O bullying é cruel. Simplesmente porque é capaz de arruinar a infância/adolescência de muitas pessoas que, depois de serem alvo de violência ou humilhação, são levadas a serem vistas não pelo que são mas pelo que os seus agressores fazem parecer que são. É um atentado à identidade, e, no caso do menino Leandro, ele deixou de poder co-existir com a identidade que lhe atribuiram. Pediu ajuda, mas ela não veio. E depois... foi tarde demais.

Certamente agora o problema da violência nas escolas já estará prestes a ser esquecido. Foram tomadas umas medidas "às três pancadas" pelo governo, que aparenta disfrutar de encontrar soluções para os problemas mais mediáticos.

A realidade... é que no fim de tudo, nem o problema do Leandro ficou resolvido, nem o problema de muitas outras vítimas que sofrem em silêncio.

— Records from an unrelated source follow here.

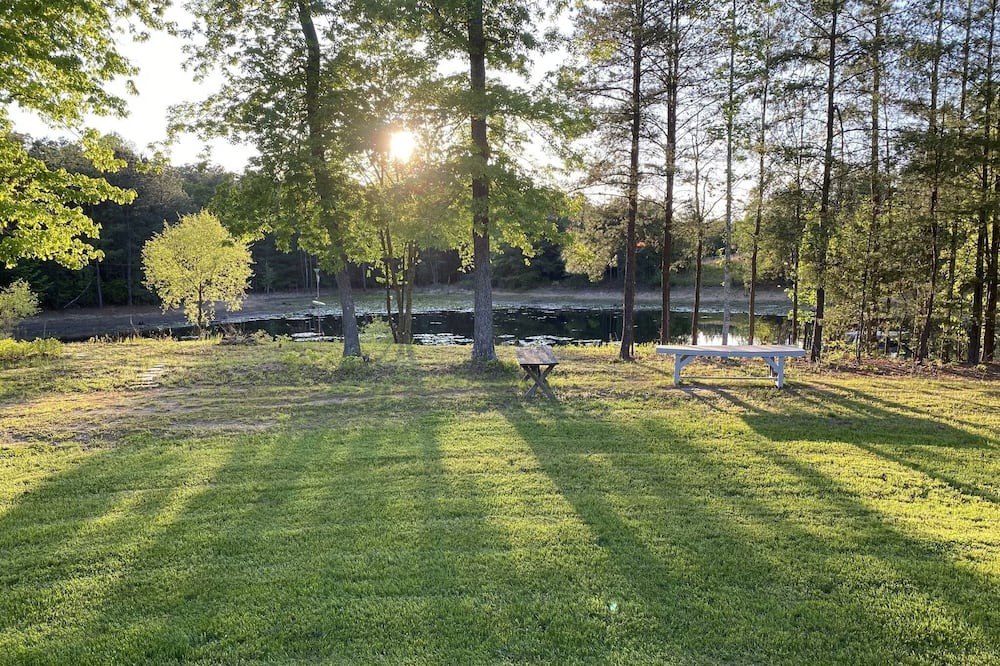 Ruther Glen Cottage | Stay and Play! Country Cottage Getaway with PRIVATE 3 Acre Swimming Pond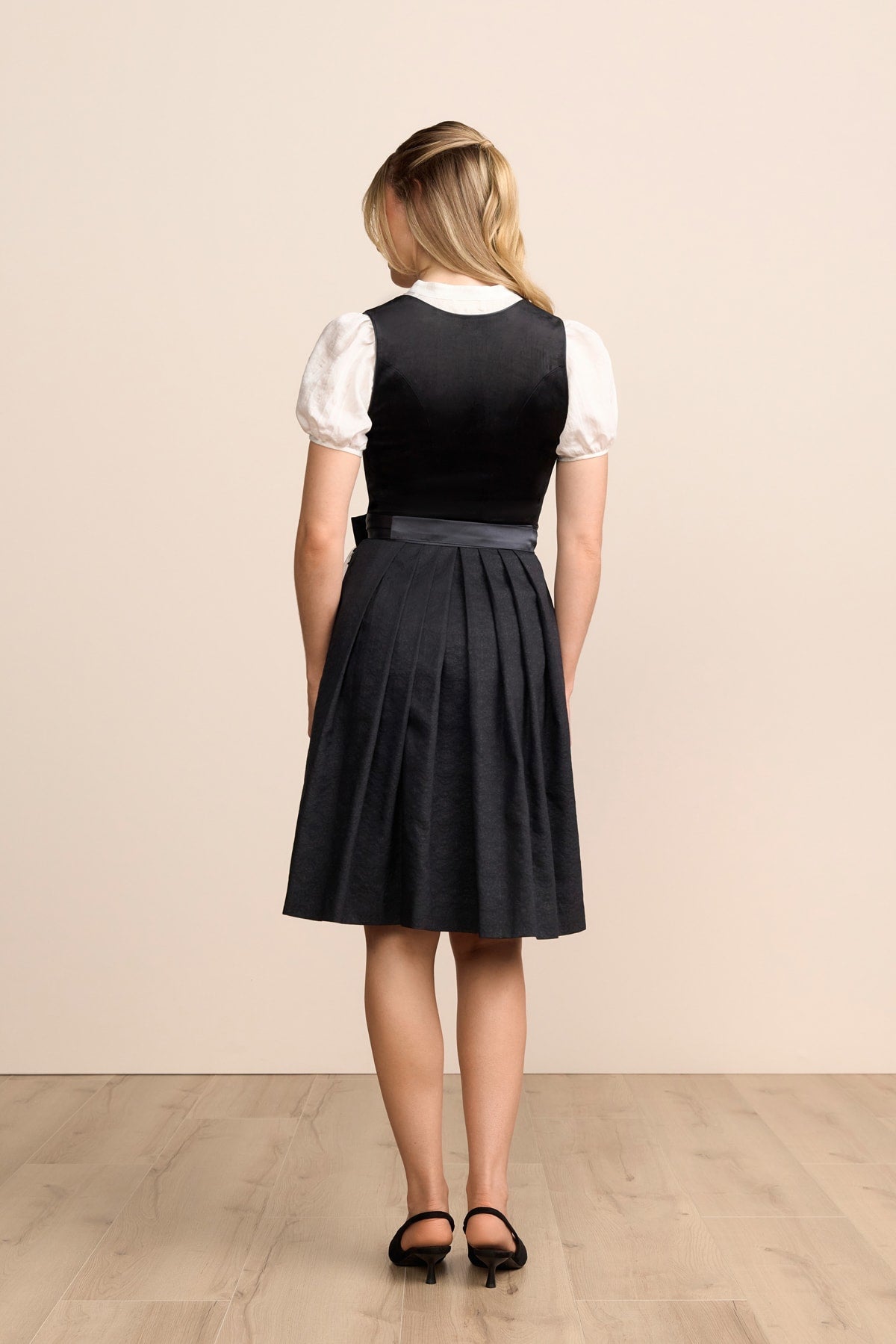 Kruger Lora midi dirndl in black, 60cm
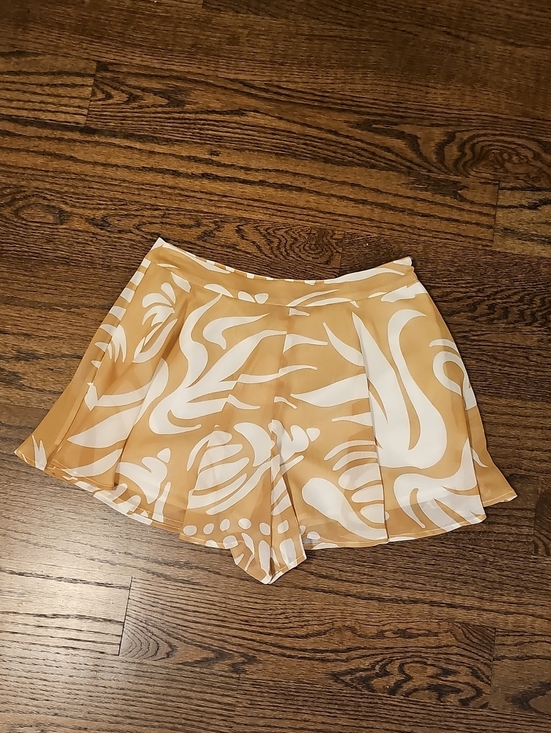 Forever 21 Pants - Forever 21 Tan & White Printed Skort Shorts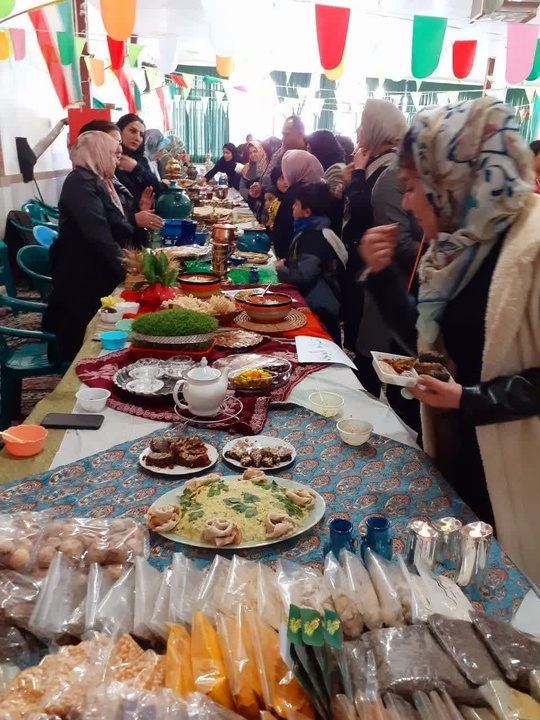 برگزاری جشنواره غذا در روستای ریواسیجان تویسرکان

Cabe agora a nós tentar pelo menos, já que este problema é quase incorrigível, sensibilizar as pessoas para este assunto, com especial atenção na comunidade escolar, porque afinal de contas, ao contrário do que a maioria da opinião pública diz "que os professores deviam sensibilizar mais os alunos sobre este problema", a realidade é que este é um problema que existe entre alunos e que deve começar a ser resolvido pelos mesmos!